Chris Fryar doesn't recall exactly how or when the call was made for the Zac Brown Band to be promoted as a country act. He's just glad that was the label that wound up sticking.

"I'm not 100 percent positive about how it all came to be," said Fryar, who has played drums in the multi-stylistic Grammy-winning troupe since 2008. "But I'm pretty sure that's where we fit in most easily in terms of style. The sort of outward perception was that the band sounded most like country music, and thank goodness that's where we ended up. The country music fan base has given us such a wonderful system of support."

The country leanings are obvious in the music of the Zac Brown Band, from the sturdy Georgia tenor applied by the band's namesake leader to the combustible hoedowns that ignite in the band's breakthrough single Chicken Fried to the homespun nature of trucker ballads like Highway 20 Ride.

But take in a performance by the group and you might hear the tropically inclined original Where the Boat Leaves From give way to the Bob Marley reggae anthem One World, or the country meditation Free bleed into the Van Morrison classic Into the Mystic. You might hear echoes of blues, folk, pop and jazz-friendly jams. You might hear covers of tunes by The Beatles, The Band and Ray LaMontagne. Best of all, the Zac Brown Band doesn't just loot the pop mainstream for accents and ideas to pass off as country the way an increasing number of Nashville acts do.

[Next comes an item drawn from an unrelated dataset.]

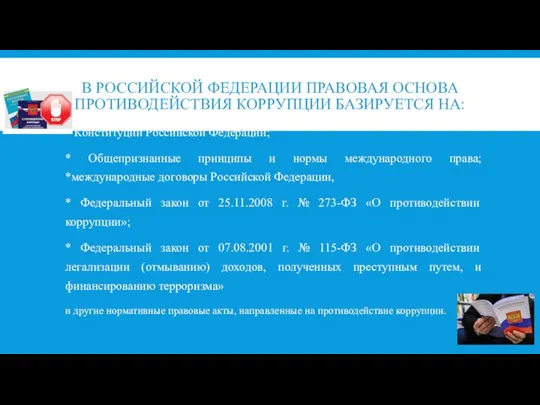 В РОССИЙСКОЙ ФЕДЕРАЦИИ ПРАВОВАЯ ОСНОВА ПРОТИВОДЕЙСТВИЯ КОРРУПЦИИ БАЗИРУЕТСЯ НА: * Конституции Российской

In this band's world, country and whatever other contemporary or roots-oriented inspirations from which it draws are equal but distinct partners.

"Every single person in the band comes from a different set of musical influences," Fryar said. "The groovy part about that is those influences help color and guide the music. When we're writing new material and trying to it out to see where a song wants to go or needs to go, one of the guys will come up with a blues lick. Another might try out a rock riff. All these little bits and pieces come in. We don't want to be known for just one style of music. To us, music is music. If we cross some genres or collide some styles, it's all music. It's all the same language. It's just different dialects all getting blown in together. It's wonderful."

Saturday marks the Lexington debut of the Zac Brown Band, but it will hardly be Fryar's first local outing. He played at the defunct Dame downtown a decade ago as a member of Oteil and the Peacemakers, a funk and jam ensemble fronted by bass guitarist Oteil Burbridge of the Allman Brothers Band, the grandfather of all genre-jumping Southern bands.

"Playing with Oteil was a huge blessing," Fryar said. "He is such a free spirit musically. Oteil possesses the ability to play anything and everything that pops into his head at any given moment. That forced me to listen and to always be attentive to what was going on around me.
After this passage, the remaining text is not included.